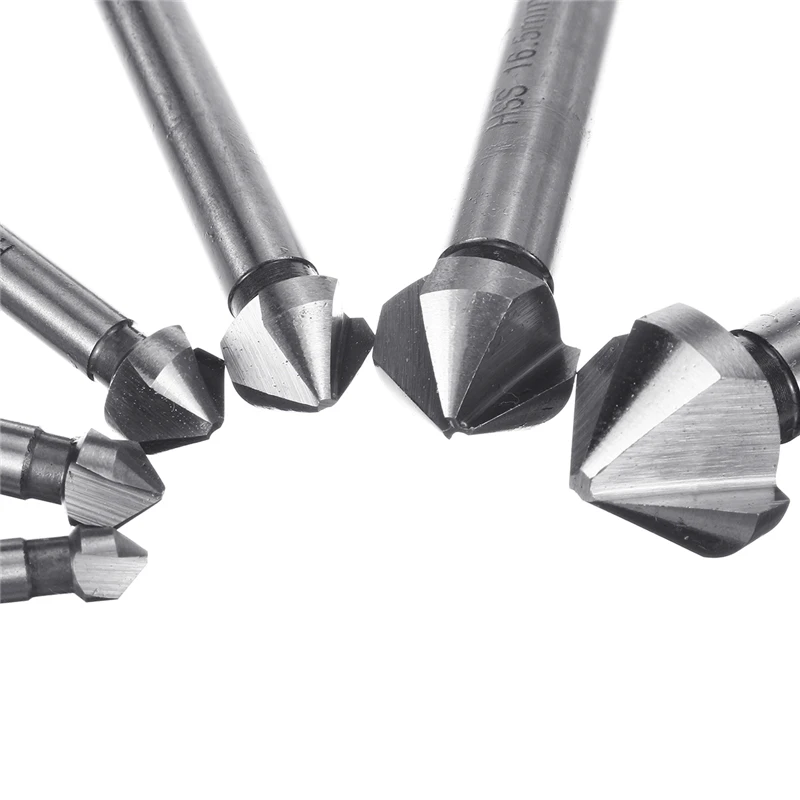 Ronde Schacht 6Pcs 3 Fluit 90 Graden Hss Afschuining Afkanten Cutter End Mill Tool Verzinkboor Boor Set 6.3-20.5Mm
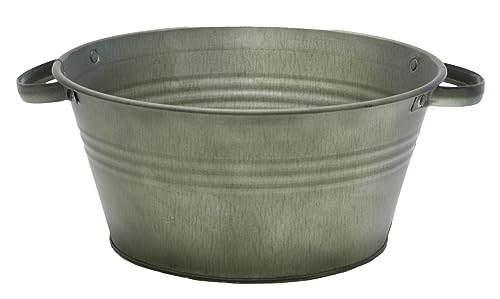 finehomegarden Zinkschale Metall Pflanzgefäß antik grün Garten mit 2Griffen Ø40H14cm Miniteich Schale von finehomegarden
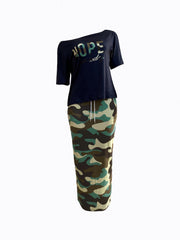 Casual Two piece Skirt Set Letter Print Top & Camouflage Drawstring Split Skirt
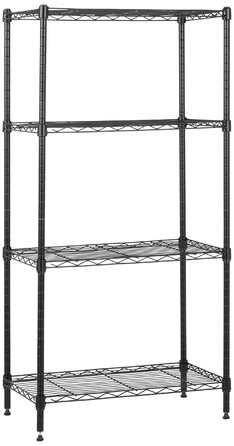 Вузька шафа для зберігання Storeo Basics з 4 полицями, регульованими по висоті полицями та ніжками, максимальна вага 363 кг, чорна, 34 см x 58,9 см x 121,9 см (Г x Ш x В) 4 полиці чорного кольору 34 Д x 58,9 Ш x 121,9 см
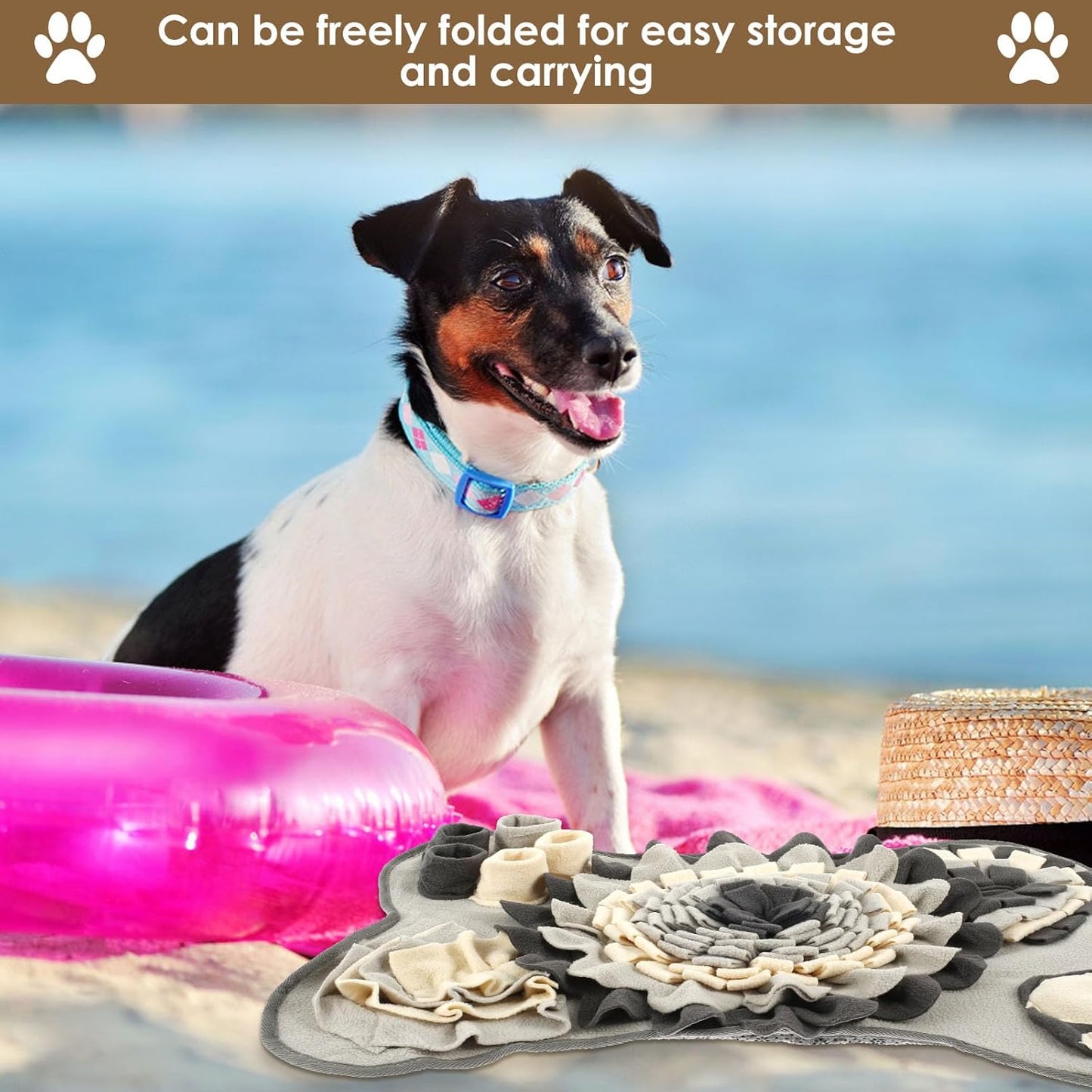 Snuffle Mat for Dogs - Soft, Washable Feeding Mat with Anti-Slip Design for Treats - Perfect for Puppies & Small to Medium Dogs (64x43cm)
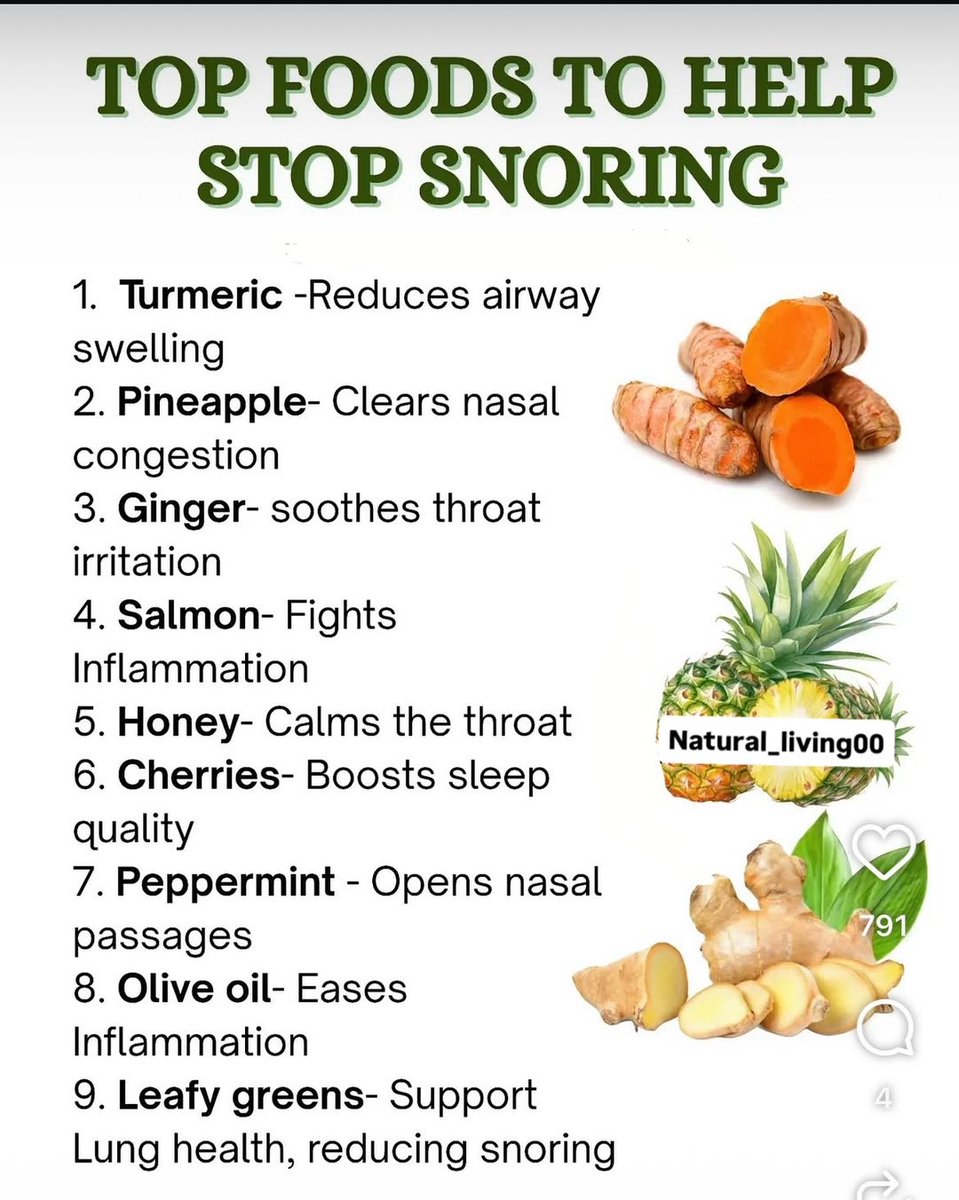 center_getfit's tweet image. TOP FOODS TO HELP STOP SNORING 😴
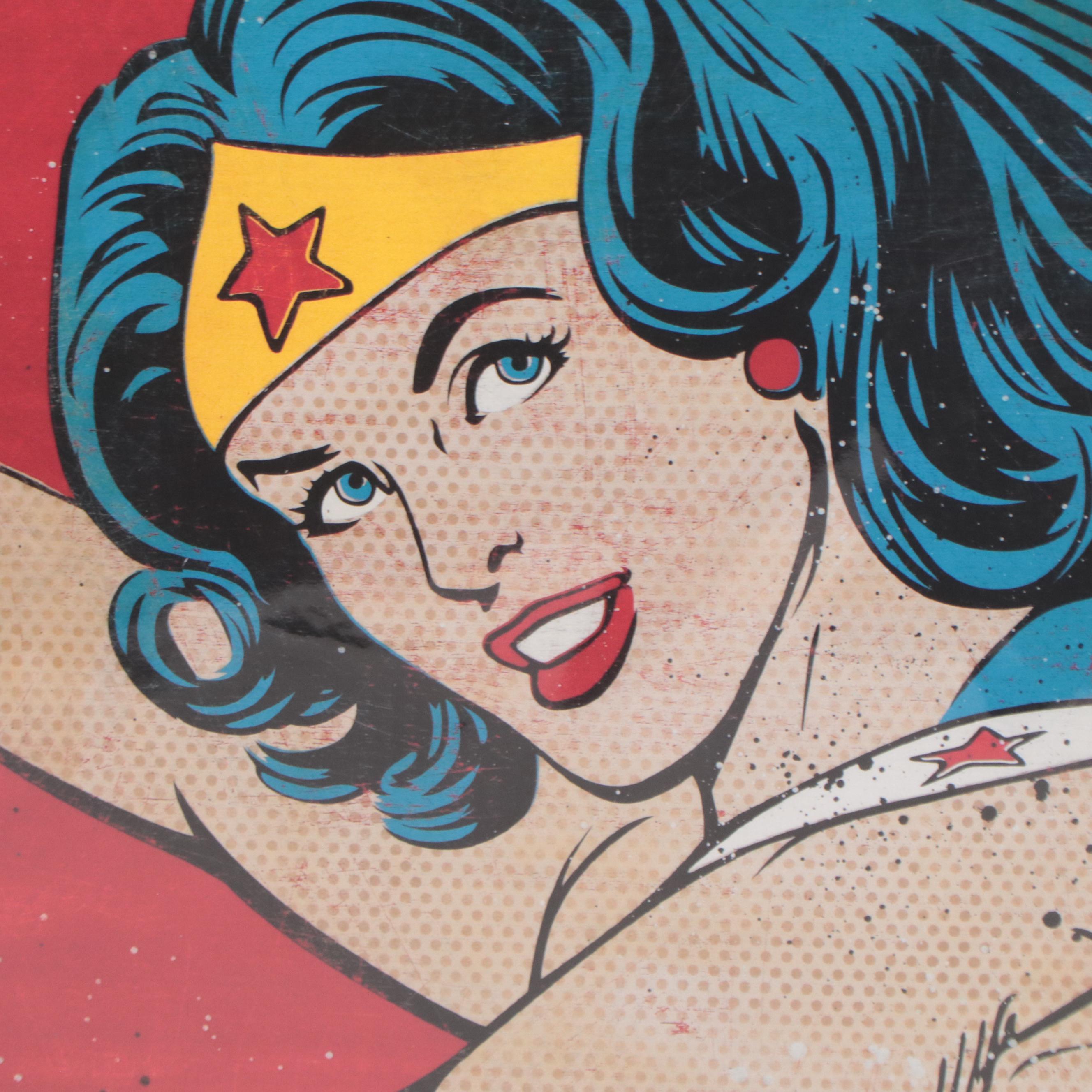 Denial Pop Art Giclée "Burn Your Wonder Bra!," 21st Century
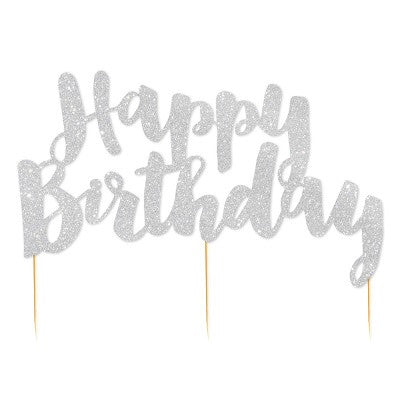 Happy Birthday Silver Glitter Cake Topper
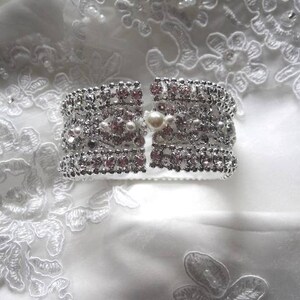 Wedding Bridal Crystal Bracelet Cuff Bangle image 2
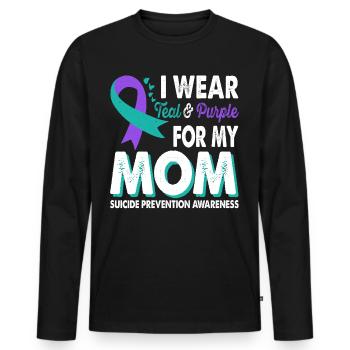 Wear teal and purple for awareness - Men's Premium Organic Long Sleeve Shirt - black - Front - Nico (187cm)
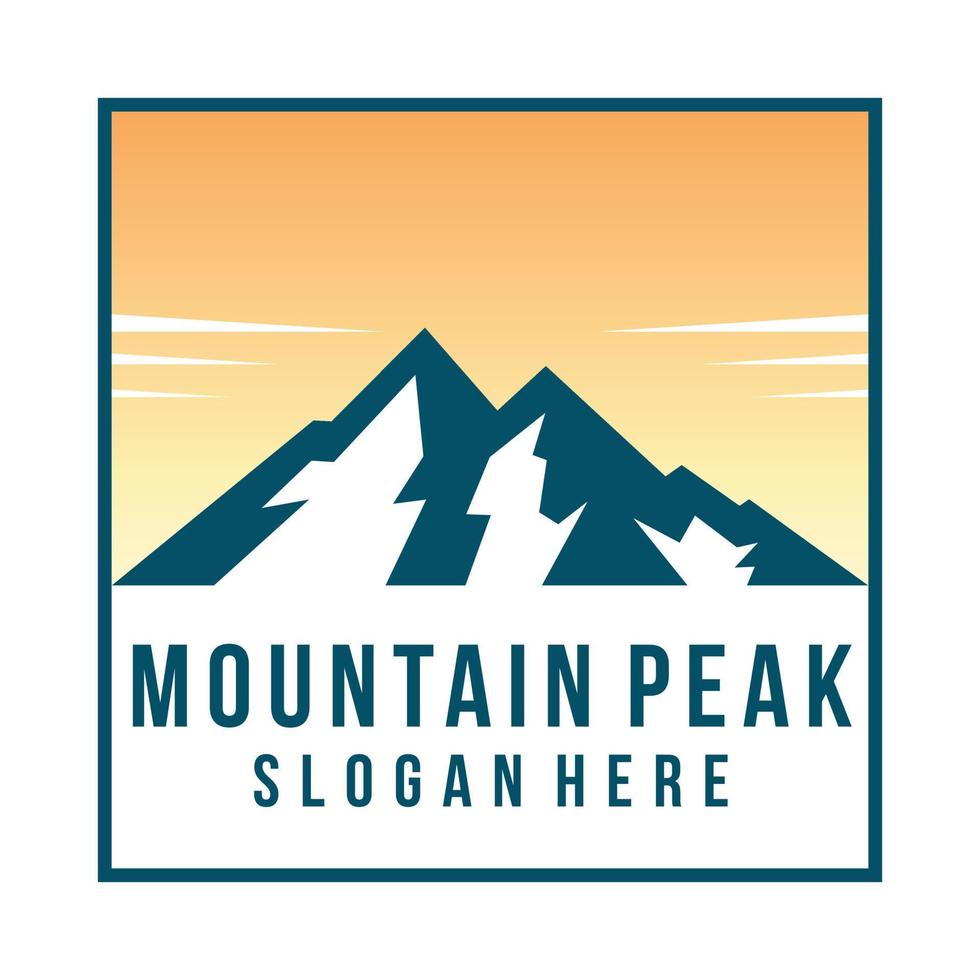 Mountains with river logo vector template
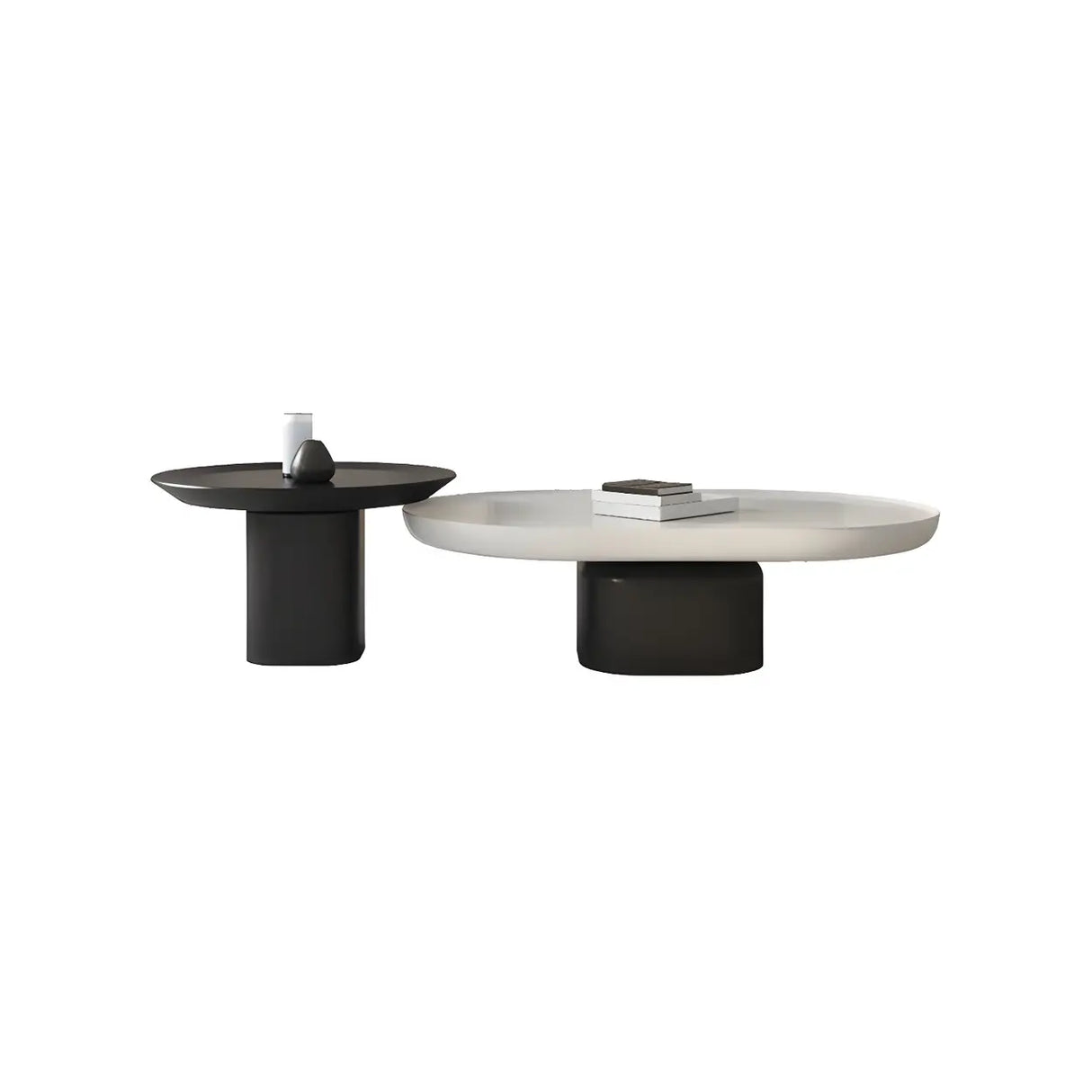 Oval Black White Wood Tray Top Nesting Coffee Table Image - 7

» Action item: Make an exact copy of the listing above. Do not include the pictures.

» Exercise solution:
 Ronde Schacht 6Pcs 3 Fluit 90 Graden Hss Afschuining Afkanten Cutter End Mill Tool Verzinkboor Boor Set 6.3-20.5Mm
 finehomegarden Zinkschale Metall Pflanzgefäß antik grün Garten mit 2Griffen Ø40H14cm Miniteich Schale von finehomegarden
 Casual Two piece Skirt Set Letter Print Top & Camouflage Drawstring Split Skirt
 Вузька шафа для зберігання Storeo Basics з 4 полицями, регульованими по висоті полицями та ніжками, максимальна вага 363 кг, чорна, 34 см x 58,9 см x 121,9 см (Г x Ш x В) 4 полиці чорного кольору 34 Д x 58,9 Ш x 121,9 см
 Snuffle Mat for Dogs - Soft, Washable Feeding Mat with Anti-Slip Design for Treats - Perfect for Puppies & Small to Medium Dogs (64x43cm)
 center_getfit's tweet image. TOP FOODS TO HELP STOP SNORING 😴
 Denial Pop Art Giclée "Burn Your Wonder Bra!," 21st Century
 Happy Birthday Silver Glitter Cake Topper
 Wedding Bridal Crystal Bracelet Cuff Bangle image 2
 Wear teal and purple for awareness - Men's Premium Organic Long Sleeve Shirt - black - Front - Nico (187cm)
 Mountains with river logo vector template
 Oval Black White Wood Tray Top Nesting Coffee Table Image - 7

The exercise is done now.